INSTRUCTIONS FOR THE TASK
All of the data below is to be copied again without changes.

DATASET EXTRACT
★ ★ ★ ★ ★ ★ ★
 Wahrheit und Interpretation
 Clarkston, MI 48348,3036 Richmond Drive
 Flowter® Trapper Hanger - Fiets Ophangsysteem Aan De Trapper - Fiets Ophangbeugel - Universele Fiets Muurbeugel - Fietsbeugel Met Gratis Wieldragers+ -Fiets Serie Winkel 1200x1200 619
★ ★ ★ ★ ★ ★ ★
PROBLEM SOLUTION
 Wahrheit und Interpretation
 Clarkston, MI 48348,3036 Richmond Drive
 Flowter® Trapper Hanger - Fiets Ophangsysteem Aan De Trapper - Fiets Ophangbeugel - Universele Fiets Muurbeugel - Fietsbeugel Met Gratis Wieldragers+ -Fiets Serie Winkel 1200x1200 619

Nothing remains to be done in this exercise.